*** EXTRACTED DATA ***

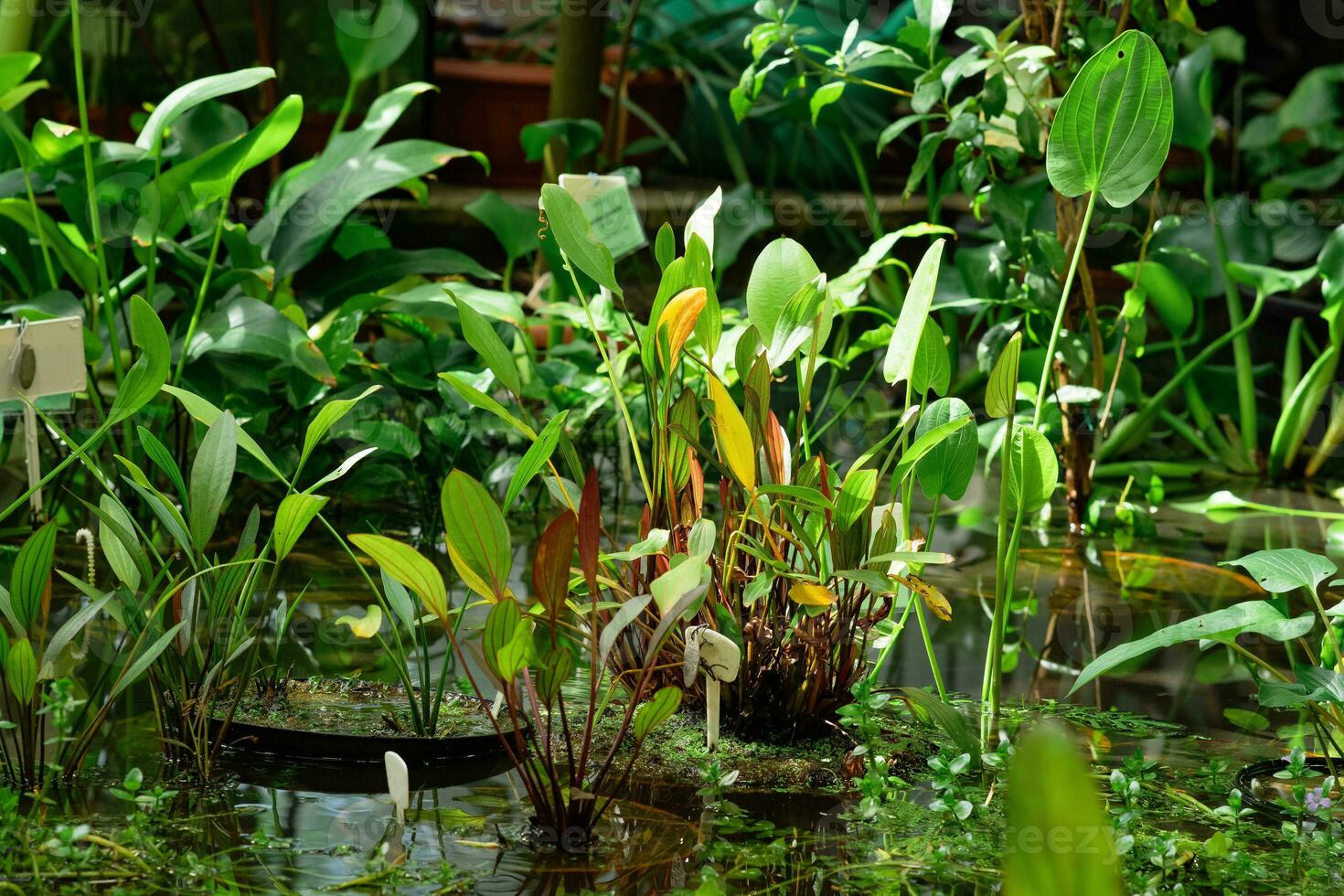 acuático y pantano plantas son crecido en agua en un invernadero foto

***
*** EXTRACTED DATA ***

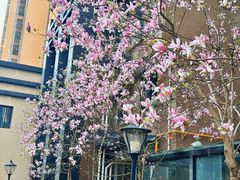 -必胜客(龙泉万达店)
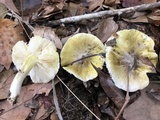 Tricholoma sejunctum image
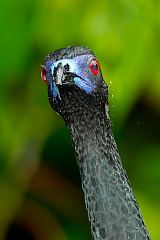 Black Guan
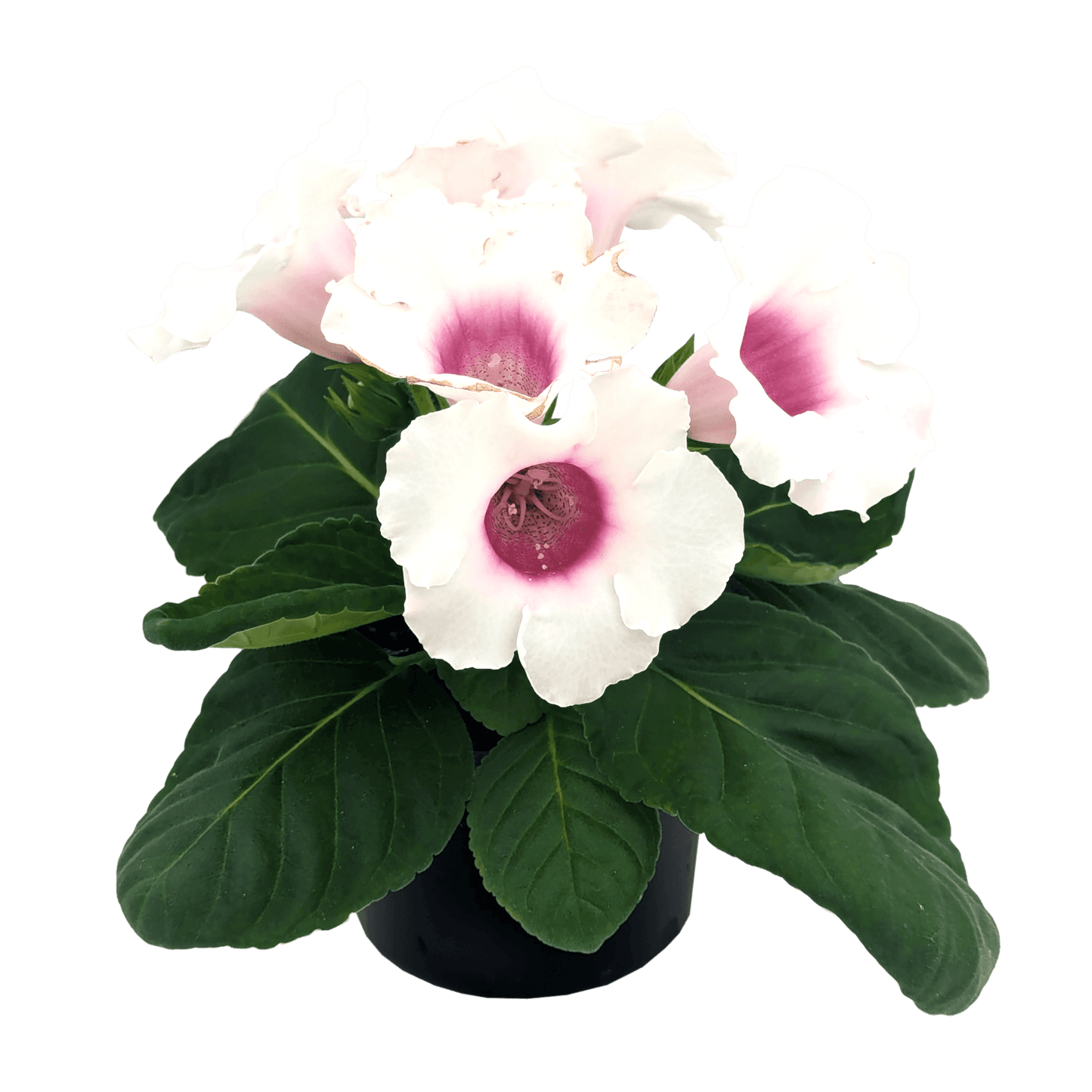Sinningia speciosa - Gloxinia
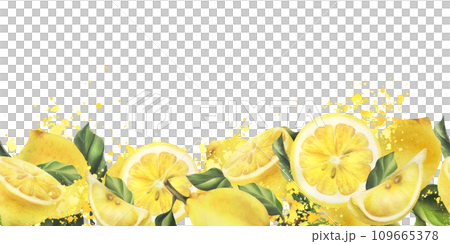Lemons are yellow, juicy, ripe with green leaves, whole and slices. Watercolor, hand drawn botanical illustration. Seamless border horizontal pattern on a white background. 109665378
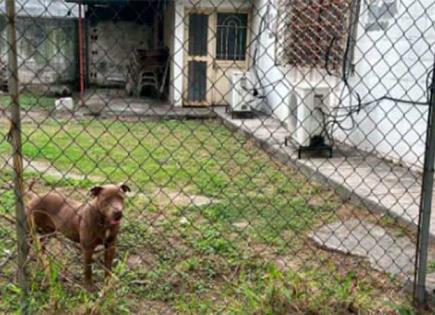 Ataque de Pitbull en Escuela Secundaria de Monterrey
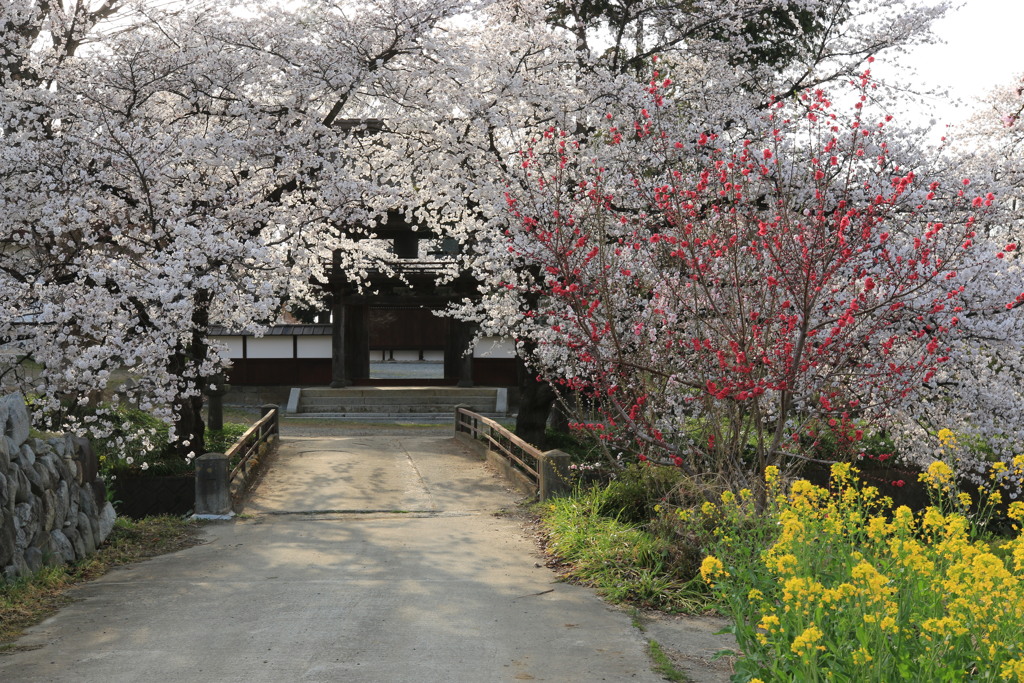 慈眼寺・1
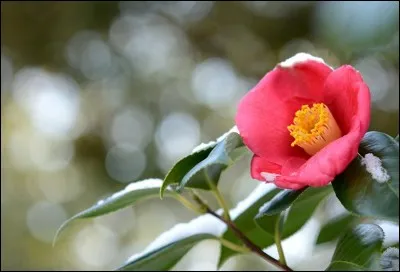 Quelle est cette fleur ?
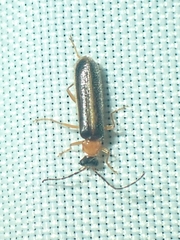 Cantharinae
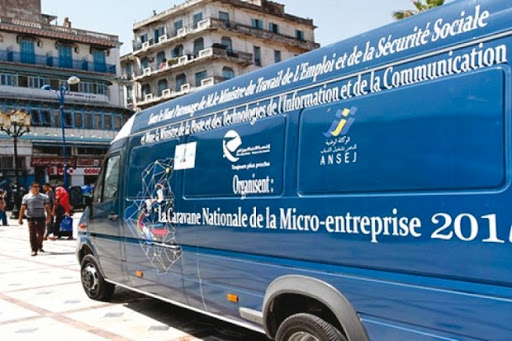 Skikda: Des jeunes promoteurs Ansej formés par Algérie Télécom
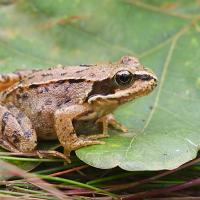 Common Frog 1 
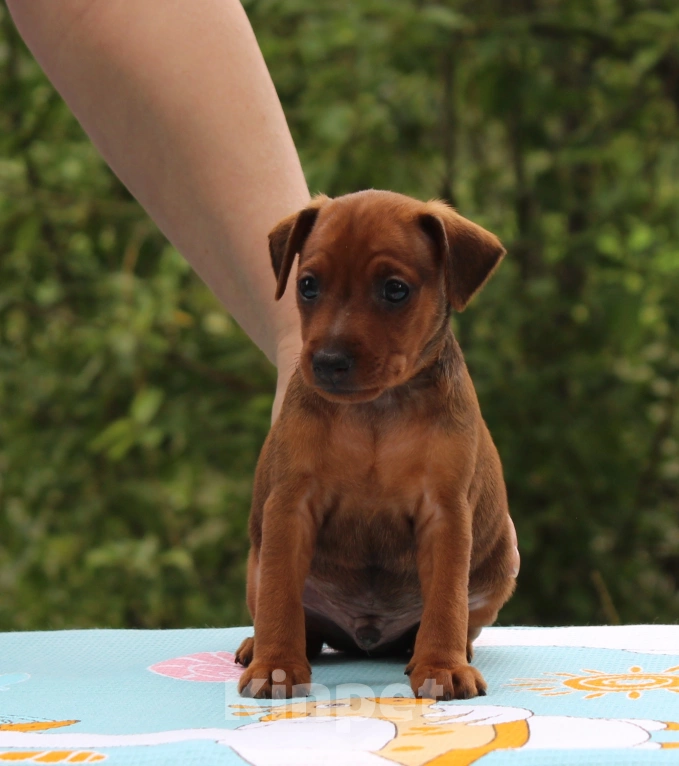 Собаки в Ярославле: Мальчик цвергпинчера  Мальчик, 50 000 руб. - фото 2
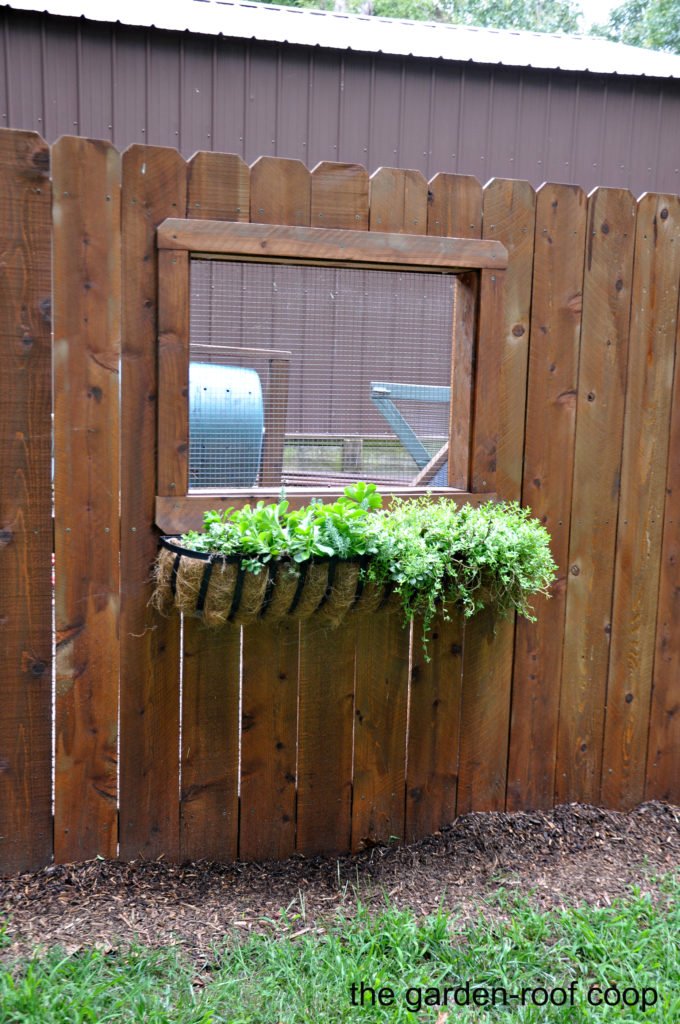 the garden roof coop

***
*** EXTRACTED DATA ***

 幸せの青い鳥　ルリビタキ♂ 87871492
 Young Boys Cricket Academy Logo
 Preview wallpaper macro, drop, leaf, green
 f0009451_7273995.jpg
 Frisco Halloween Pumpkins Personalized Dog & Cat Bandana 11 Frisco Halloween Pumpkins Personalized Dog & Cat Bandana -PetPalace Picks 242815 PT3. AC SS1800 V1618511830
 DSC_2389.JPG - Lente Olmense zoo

***

ABOUT THIS TASK —
Go to the line above holding "Skikda: Des jeunes", then copy exactly each line down to and including the one holding "the garden roof coop", leaving pictures out.

SOLUTION BELOW —
 Skikda: Des jeunes promoteurs Ansej formés par Algérie Télécom
 Common Frog 1 
 Собаки в Ярославле: Мальчик цвергпинчера  Мальчик, 50 000 руб. - фото 2
 the garden roof coop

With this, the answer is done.